• **What to do**
The finished copy should hold every entry exactly as given, and no pictures.
Top of Data for processing
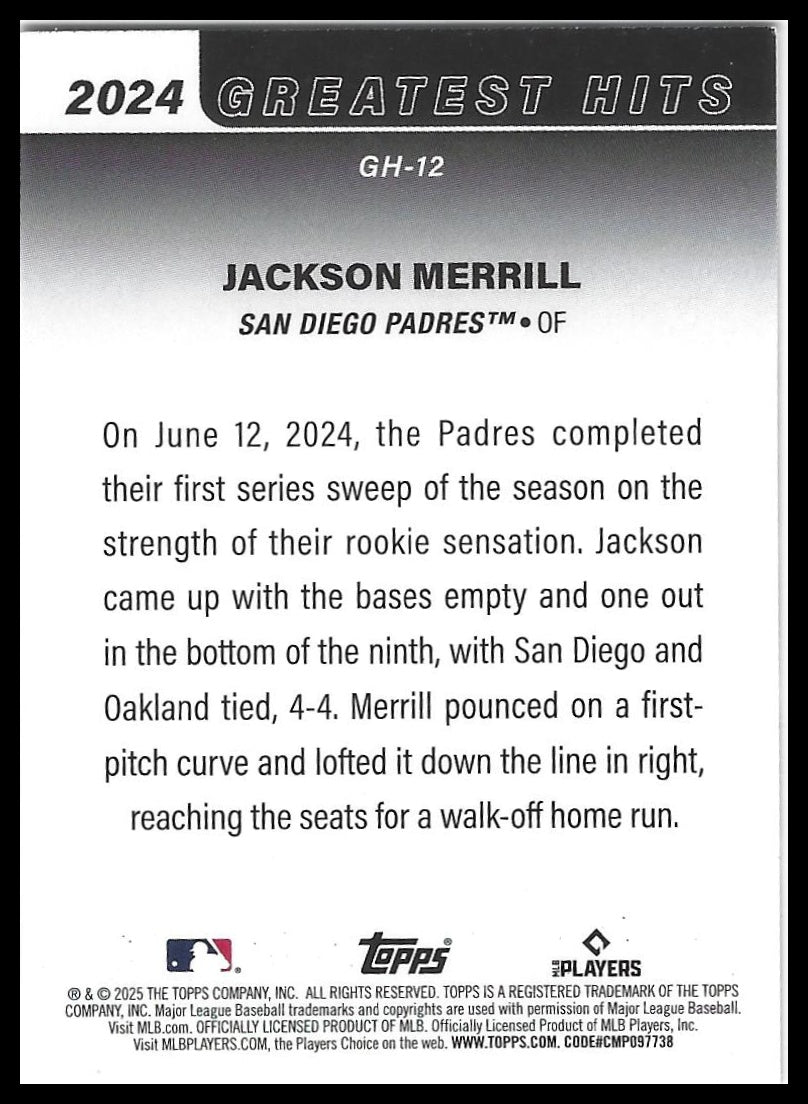 2025 Topps #GH-12 Jackson Merrill 2024 Greatest Hits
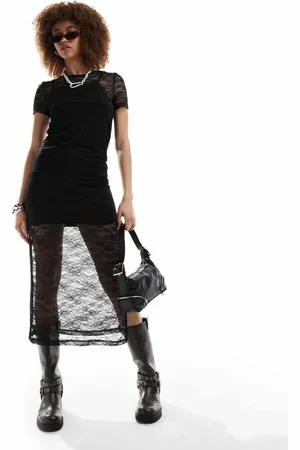 Noisy May Womens short sleeve lace midaxi dress in - Size X-Small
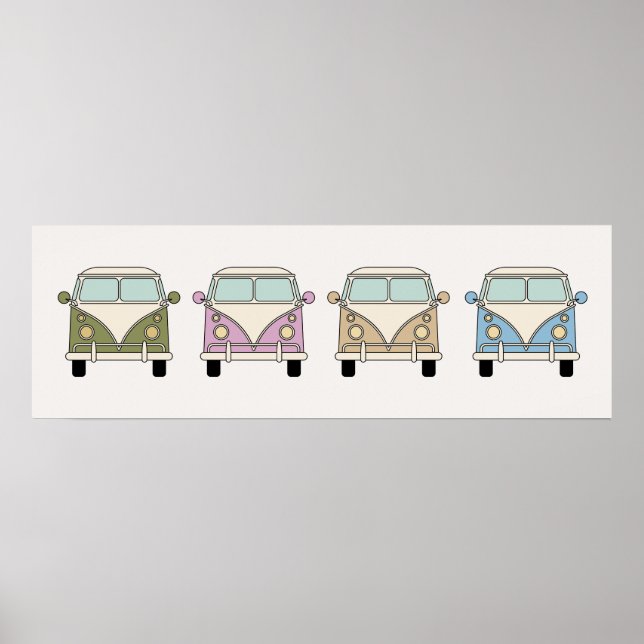 Vintag Retro Camper Van Buses Poster (Vorne)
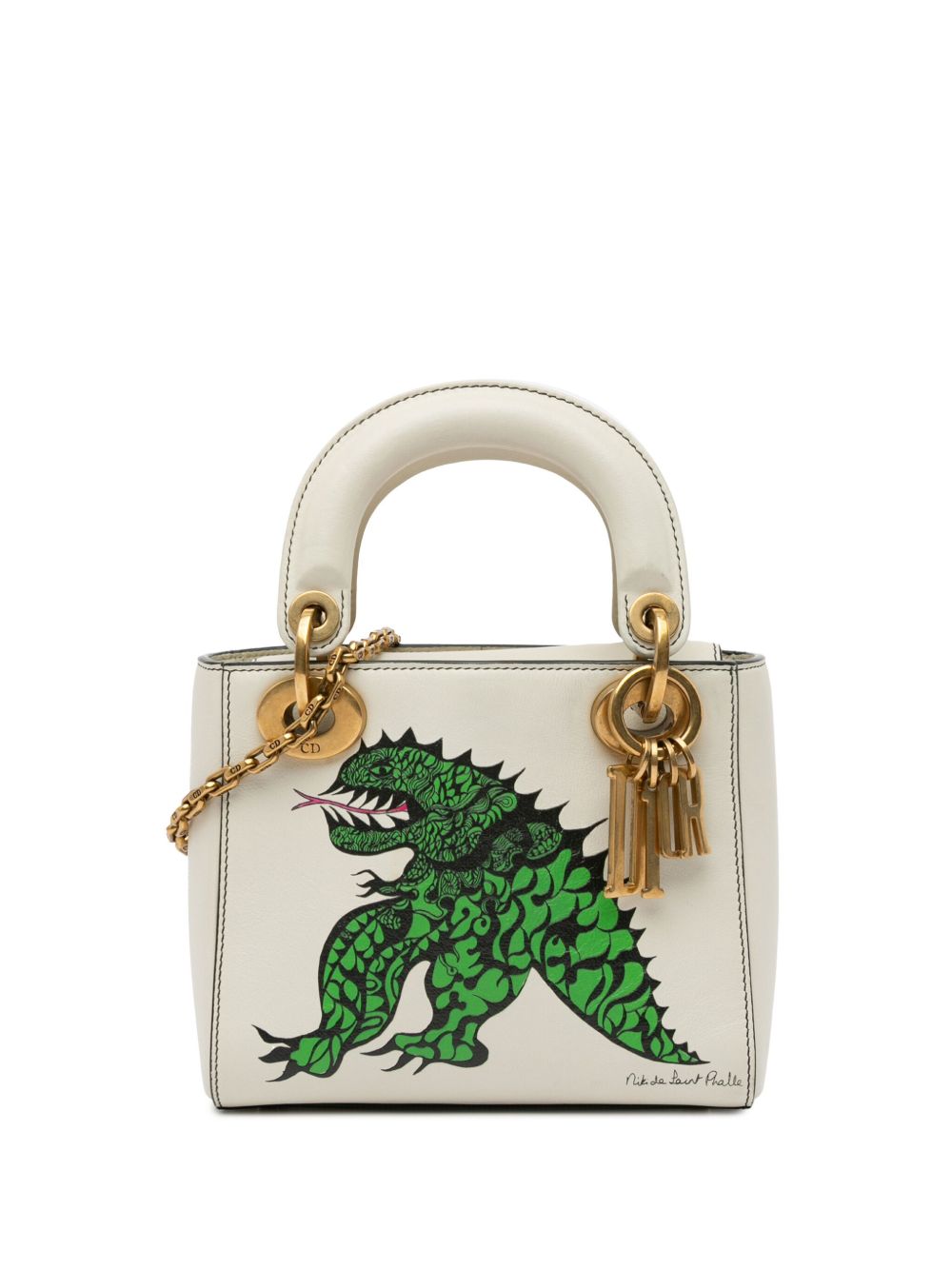 Christian Dior Pre-Owned Limited Edition Niki De Saint Phalle Dragon Lady Dior 迷你小牛皮斜挎包（2017年典藏款） - 白色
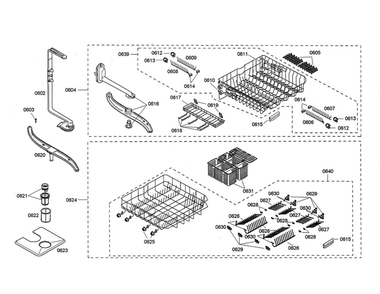 Spray Arm/Racks Diagram and Parts List for SHE68M05UC 53 Bosch Dishwasher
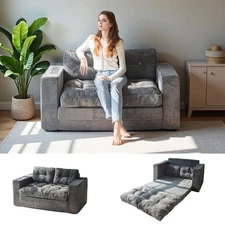 MAXYOYO 55.5'' Armrest Couch Sofa Bed,Loveseat Sleeper Sofa,Bean Bag Sofa
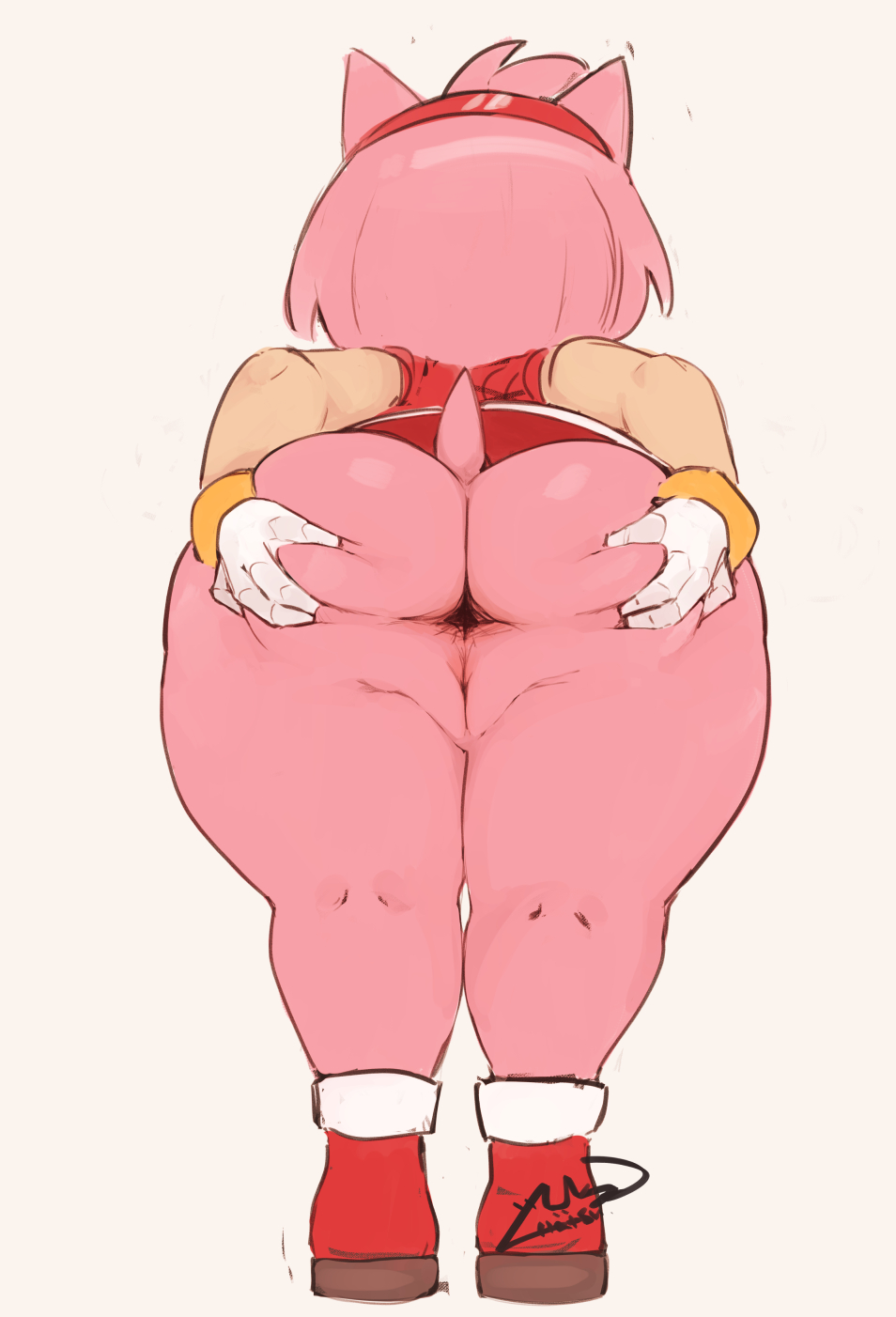 1girl 2022 accessory amy_rose anthro anus artist_signature ass ass_grab back back_view bent_over big_ass boots bottom_heavy bracelet bubble_butt butt butt_grab clothed clothing countershade_arms countershading dat_ass digital_drawing_(artwork) digital_media_(artwork) dress eulipotyphlan expansion female female_solo footwear full-length_portrait genitals glistening glistening_body glistening_skin gloves grabbing grabbing_ass grabbing_own_ass hair hair_accessory hair_ornament hairband hand_on_butt hand_on_own_butt handwear hatsumiilkshake hedgehog hi_res high_res jewelry large_ass mammal multicolored_body multicolored_skin no_underwear pink_body pink_hair pink_skin portrait presenting presenting_anus presenting_hindquarters pussy rear_view red_clothing red_dress sega shiny shiny_skin shoes short_hair short_tail signature solo solo_female sonic_(series) sonic_the_hedgehog_(series) spread_anus spread_ass spread_butt spreading standing tail tan_body tan_countershading tan_skin thick thick_ass thick_butt thick_thighs thighs two_tone_body two_tone_skin upskirt vagina video_games viewed_from_behind white_clothing white_gloves white_handwear
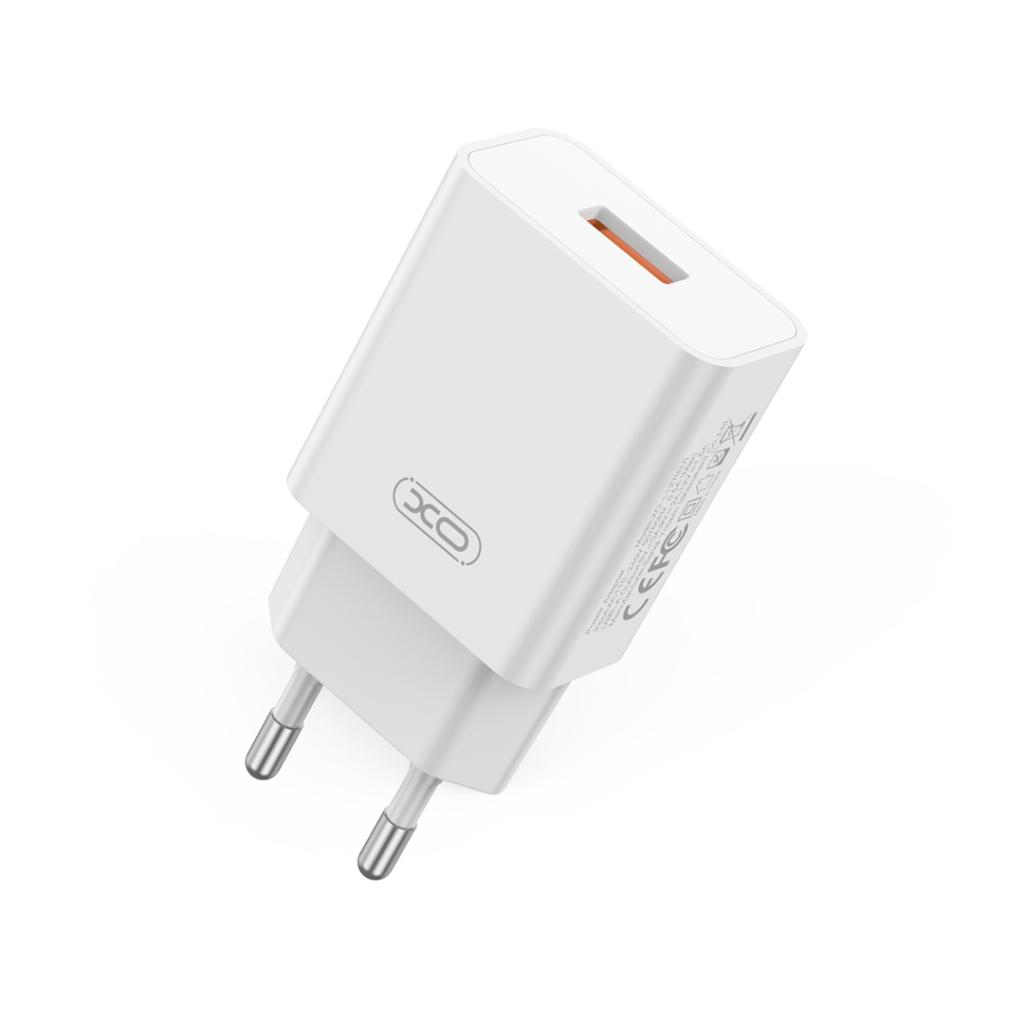 Mrežni punjač s microUSB kabelom XO Design L127, 18W, 3A, 1 x USB-A, Bijeli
Bottom of Data for processing
• **Expected answer**
 2025 Topps #GH-12 Jackson Merrill 2024 Greatest Hits
 Noisy May Womens short sleeve lace midaxi dress in - Size X-Small
 Vintag Retro Camper Van Buses Poster (Vorne)
 Christian Dior Pre-Owned Limited Edition Niki De Saint Phalle Dragon Lady Dior 迷你小牛皮斜挎包（2017年典藏款） - 白色
 Spray Arm/Racks Diagram and Parts List for SHE68M05UC 53 Bosch Dishwasher
 MAXYOYO 55.5'' Armrest Couch Sofa Bed,Loveseat Sleeper Sofa,Bean Bag Sofa
 1girl 2022 accessory amy_rose anthro anus artist_signature ass ass_grab back back_view bent_over big_ass boots bottom_heavy bracelet bubble_butt butt butt_grab clothed clothing countershade_arms countershading dat_ass digital_drawing_(artwork) digital_media_(artwork) dress eulipotyphlan expansion female female_solo footwear full-length_portrait genitals glistening glistening_body glistening_skin gloves grabbing grabbing_ass grabbing_own_ass hair hair_accessory hair_ornament hairband hand_on_butt hand_on_own_butt handwear hatsumiilkshake hedgehog hi_res high_res jewelry large_ass mammal multicolored_body multicolored_skin no_underwear pink_body pink_hair pink_skin portrait presenting presenting_anus presenting_hindquarters pussy rear_view red_clothing red_dress sega shiny shiny_skin shoes short_hair short_tail signature solo solo_female sonic_(series) sonic_the_hedgehog_(series) spread_anus spread_ass spread_butt spreading standing tail tan_body tan_countershading tan_skin thick thick_ass thick_butt thick_thighs thighs two_tone_body two_tone_skin upskirt vagina video_games viewed_from_behind white_clothing white_gloves white_handwear
 Mrežni punjač s microUSB kabelom XO Design L127, 18W, 3A, 1 x USB-A, Bijeli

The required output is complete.